Computational frameworks integrating complementary molecular information have been used extensively to prioritize potential drug targets. For example, GuiltyTargets annotates on protein–protein interaction networks with differentially expressed genes linked to a disease, learns an embedded representation and uses this to predict new targets82. The incorporation of SC data sets into these computational approaches enables the prediction of cell-specific targets. For example, a network-based approach based on SC data sets has been used to prioritize drug targets in arthritis83.

Target credentialling and validation

In target credentialling and validation, confidence in a gene target is established by acquiring and combining evidence from various sources (disease biology, target biology and tractability, genetic studies, etc.). The translational validity of study models may also be examined to better understand potential gaps between the models and the disease biology or therapeutic aim. ScRNA-seq data can inform each of these facets.

Routes to improving confidence in a target include validating functional linkages between the target and the disease biology. Gene targets, gene signatures and cell states affected by individual perturbations and their genetic interactions may all be assessed at once through a scCRISPR screen, allowing target categorization and prioritization. Traditionally, significant resources are involved in target credentialling, and so compromises are often made between the number of targets examined and the complexity and number of readouts. ScCRISPR screening alone or after a genome-wide pooled screen (Box 2) can mitigate this trade-off by allowing tens to hundreds of perturbations to be pooled and profiled at once84,85,86.

An application of this scCRISPR screening approach first involved the identification of regulators of T cell stimulation and immunosuppression using a genome-wide pooled CRISPR screen, with candidate hits followed up with functional assays and Perturb-seq to reveal affected gene programmes, leading to at least four potential antitumour targets87. More recently, the platform has been expanded to allow paired CRISPR activation (CRISPRa) and CRISPR interference (CRISPRi) screening and pooled scRNA-seq profiling, advancing the range and depth of target validation. Perturb-seq could also be performed in vivo88, allowing investigation of gene functions in multiple cell types in a physiological context.

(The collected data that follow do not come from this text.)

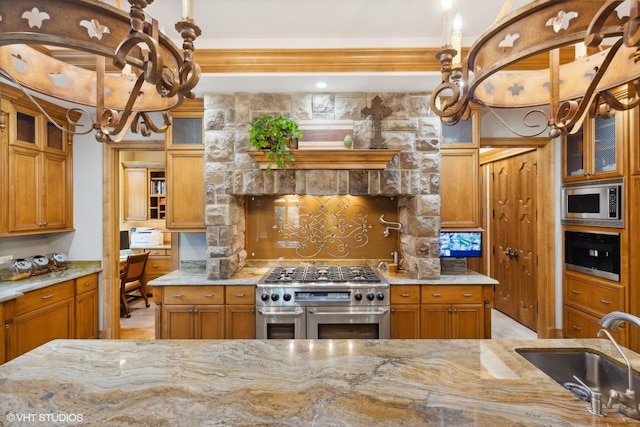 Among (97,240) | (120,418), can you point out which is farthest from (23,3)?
(97,240)

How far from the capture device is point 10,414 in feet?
3.32

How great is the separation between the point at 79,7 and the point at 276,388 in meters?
1.25

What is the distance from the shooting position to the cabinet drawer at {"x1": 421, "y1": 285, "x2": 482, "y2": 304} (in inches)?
118

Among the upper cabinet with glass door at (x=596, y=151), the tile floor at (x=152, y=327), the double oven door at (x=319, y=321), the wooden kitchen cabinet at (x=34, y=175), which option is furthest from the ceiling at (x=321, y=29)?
the tile floor at (x=152, y=327)

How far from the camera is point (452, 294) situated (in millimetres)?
3006

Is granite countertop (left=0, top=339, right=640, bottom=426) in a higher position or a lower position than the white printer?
lower

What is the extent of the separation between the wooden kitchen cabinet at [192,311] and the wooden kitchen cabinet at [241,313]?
6 cm

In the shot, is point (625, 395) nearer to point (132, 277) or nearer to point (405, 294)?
point (405, 294)

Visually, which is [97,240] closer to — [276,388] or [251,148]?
[251,148]

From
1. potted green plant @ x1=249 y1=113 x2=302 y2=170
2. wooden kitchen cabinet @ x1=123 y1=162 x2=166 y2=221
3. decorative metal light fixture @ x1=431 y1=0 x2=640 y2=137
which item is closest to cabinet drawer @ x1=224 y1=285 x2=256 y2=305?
potted green plant @ x1=249 y1=113 x2=302 y2=170

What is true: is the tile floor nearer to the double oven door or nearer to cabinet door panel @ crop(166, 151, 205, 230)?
cabinet door panel @ crop(166, 151, 205, 230)

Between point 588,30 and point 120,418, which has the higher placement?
point 588,30

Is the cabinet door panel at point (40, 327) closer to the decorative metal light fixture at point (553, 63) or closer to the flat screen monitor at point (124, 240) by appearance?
the flat screen monitor at point (124, 240)

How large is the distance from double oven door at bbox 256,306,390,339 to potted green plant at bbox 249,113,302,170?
4.26 feet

Targets may be further credentialled and validated for their impact on disease-relevant mechanisms by using functional genomics or pharmacology studies in vitro or in vivo. Currently, readouts of these studies are usually low-dimensional, focusing on only dozens of predefined proteins or specific disease-related phenotypes89,90,91. However, coupling these studies with unbiased omics readouts can provide more granularity, allow exploration of drug mode of action (MoA) (see also next section) and even reveal any unexpected toxicity profiles. Transcriptomic readouts are often the most cost-effective and relatively straightforward to interpret, and SC transcriptomics has the additional advantage of high resolution, especially for complex models. For example, dual specificity phosphatase 6 (DUSP6) has been proposed as a potential target for inflammatory bowel disease (IBD)92 and the roles of Dusp6, which had remained unclear previously from a study using bulk RNA sequencing93, have been dissected in mice in a cell-type-specific manner using scRNA-seq94.

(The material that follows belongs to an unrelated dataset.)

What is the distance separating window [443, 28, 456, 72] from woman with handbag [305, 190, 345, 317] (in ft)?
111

De-orphaning studies are typically needed if the target of the drug candidate is unknown. These studies are particularly interesting for drug combinations or bispecific treatments, because biological mechanisms that are different from those of the individual drugs may be involved. For example, scRNA-seq profiling of CD45+-enriched cells from livers of mice treated with an anti-CTLA4 immune checkpoint inhibitor (ICI), and/or the IDO1 inhibitor epacadostat showed that the combination promotes CD8+ T cell proliferation and activation, and the enrichment of an interferon-γ (IFNγ) gene signature95. Similarly, flow cytometry and CyTOF were applied to demonstrate that anti-CD47–PDL1 bispecific treatment reduced binding on red blood cells and enhanced selectivity to the tumour microenvironment (TME), compared with anti-CD47 and anti-PDL1 monotherapies or combination therapies96. ScRNA-seq enabled further exploration of the mechanism, including myeloid population reprogramming, activation of the innate immune system and T cell differentiation, which cannot be directly measured using traditional methods.

ScRNA-seq can be conveniently combined with scATAC-seq for chromatin information, DNA-barcoded antibody staining for surface and/or intracellular protein expression (such as CITE-seq/ECCITE-seq97 and INs-seq98) and is therefore useful when target modulation results in pre- and/or post-transcriptional changes (Box 2). For instance, to study ICI resistance (ICR), Perturb-seq was extended and coupled with antibody staining and TCR profiling99. This work targeted 248 genes of the ICR signature identified in a previous study22 and revealed novel ICR mechanisms including downregulation of CD58 along with known resistance mechanisms.

Preclinical studies

Selecting the appropriate models for target credentialling maximizes clinical translatability. In vitro models include cell lines, primary cells and patient-derived organoids (PDOs), the latter incorporating some elements of higher-order tissue organizational complexity. In vivo models include syngeneic models, in which murine cancer cells are isografted into genotypically similar mice, PDX in immunodeficient mice, and genetically engineered mouse models (GEMMs), which recapitulate genetic alterations crucial to human carcinogenesis. Before the advent of SC omics technologies, the relative translatability of derived research models could be assessed using bulk and/or antibody-targeted SC methods (for example, flow cytometry) capable of demonstrating that characteristics of patients or donors were, in fact, recapitulated by the research models100. SC sequencing methods expand the granularity with which model or patient fidelity can be examined by shifting assessments from wholesale pools or averages to measurements of cell-type composition, intra-tissue heterogeneity and detection of rare cell phenotypes.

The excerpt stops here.